Kampf gegen Wilderei
Dennoch ist das Wisent bis heute eine bedrohte Tierart, besonders in den Bergweiten der Kaukasus-Republik Adygea. Diese zählt zu den kleinsten Republiken innerhalb der Russischen Föderation und stellt das Hauptverbreitungsgebiet des Kaukasus-Bergwisent. Im Zuge der Auflösung der Sowjetunion brach der wieder aufgebaute Bestand von 1.400 Tieren dramatisch auf 240 Tiere ein. Jagd, Wilderei, Freizeitaktivitäten und die Zerstörung des Lebensraumes außerhalb der sicheren Grenzen von Schutzgebieten setzten der sensiblen Tierart zu. Experten befürchteten, dass auf diese Weise das Kaukasische Bergwisent zum zweiten Mal ausgerottet würde.

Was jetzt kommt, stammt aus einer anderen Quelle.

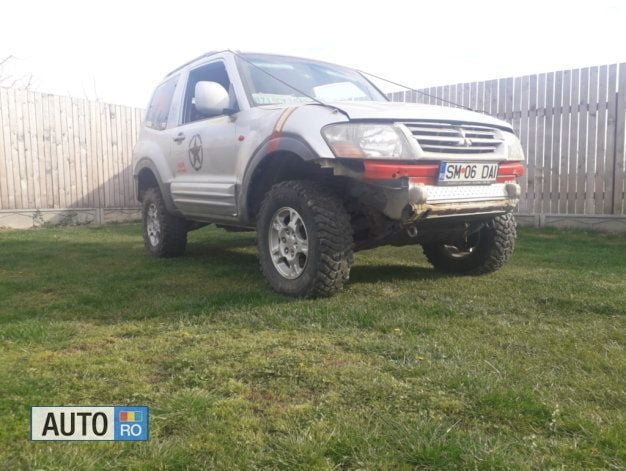Gri Utilizat 2002 Mitsubishi Pajero SUV | 2.600 EUR (Super Preț) - Imagine 1/2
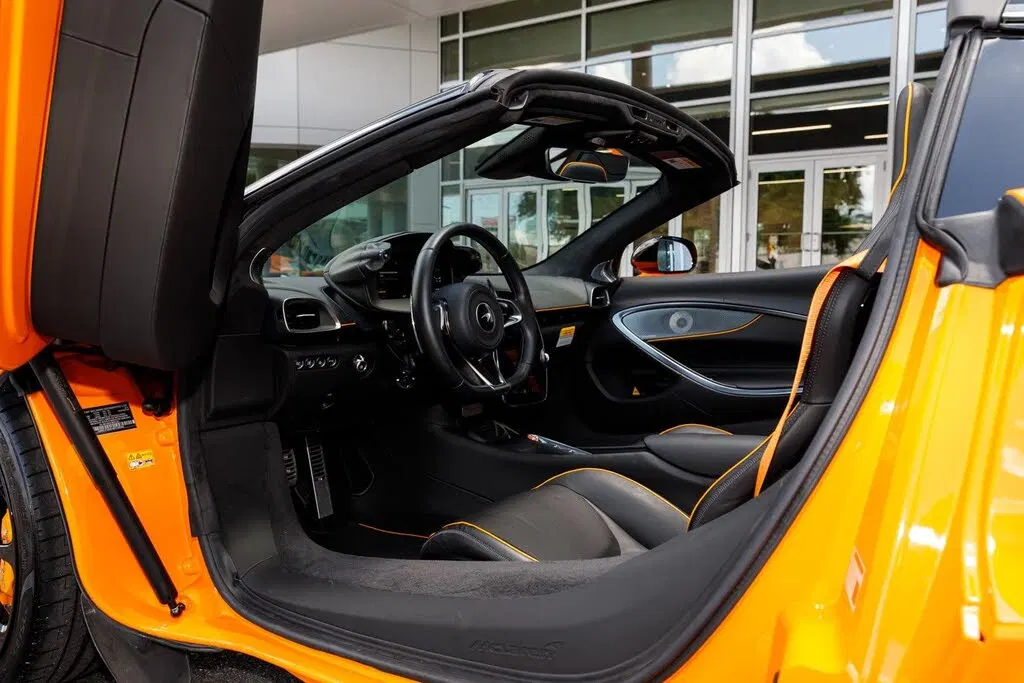 2025 McLaren Artura RWD
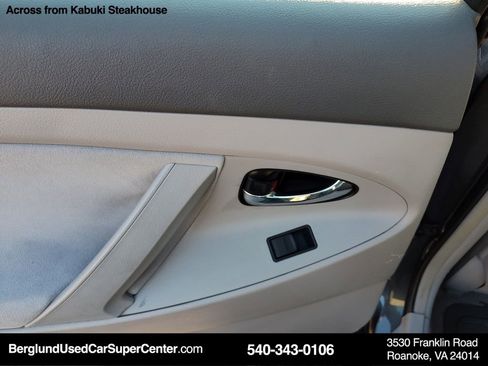 Used 2008 Toyota Camry LE image 35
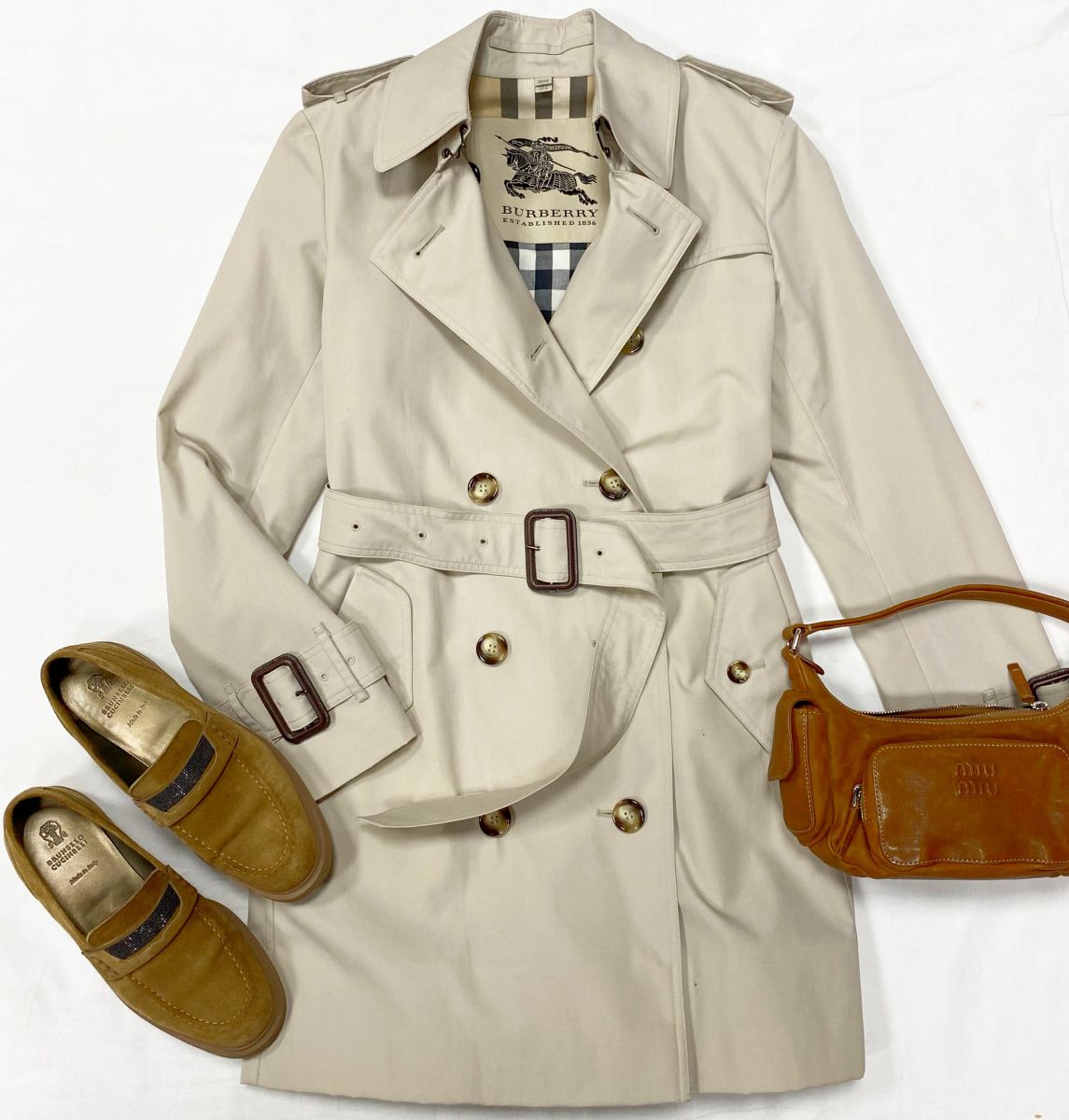 Тренч Burberry размер 38 цена 31 310 руб Лоферы Brunello Cucinelli размер 37 цена 31 310 руб Сумка Miu Miu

Daher setzt sich der NABU seit 2001 im Kavkazsky-Totalreservat in der Republik Adygea gemeinsam mit der Schutzgebietsverwaltung für das Überleben des Kaukasus-Wisents ein. Mit Unterstützung der Ursula-Merz-Stiftung werden die dortigen Herden von Wissenschaftlern auf Größe und Veränderung des Bestandes, Wanderverhalten, Nahrungsaufnahme und in naher Zukunft auch auf genetische Merkmale untersucht. So können auf lange Sicht Ursachen von Bestandsschwankungen und Populationsrückgängen erfasst und erklärt werden.
2008 ist Jahr des Wisents
Noch ist beispielsweise unklar, warum die Herden im Winter nicht mehr in tiefere Lagen wandern und wie sich dies auf die Tiere auswirkt. Um Wilderei zurückzudrängen, die als eine mögliche Ursache für die Verhaltensänderungen in Frage kommt, wird die Verwaltung des Schutzgebietes bei Maßnahmen gegen die Wilderer unterstützt. Momentan wächst die Population um sieben bis zehn Prozent pro Jahr. Etwa 370 Tiere in Einzelherden leben derzeit innerhalb des Schutzgebiets mit den berühmten Nordmanntannen-Urwäldern. Damit dies so bleibt und der Bestand weiter zunimmt, sollen Öffentlichkeitsarbeit, Ökotourismus und Umweltbildungsprogramme zusätzlich helfen, das Tier und seine Historie in das Bewusstsein der Menschen bringen und sie für die Giganten zu sensibilisieren.
2008 ist das Wisent von der Schutzgemeinschaft Deutsches Wild zum "Wildtier des Jahres" gewählt worden - ein gutes Omen für die Zukunft der sanften Riesen.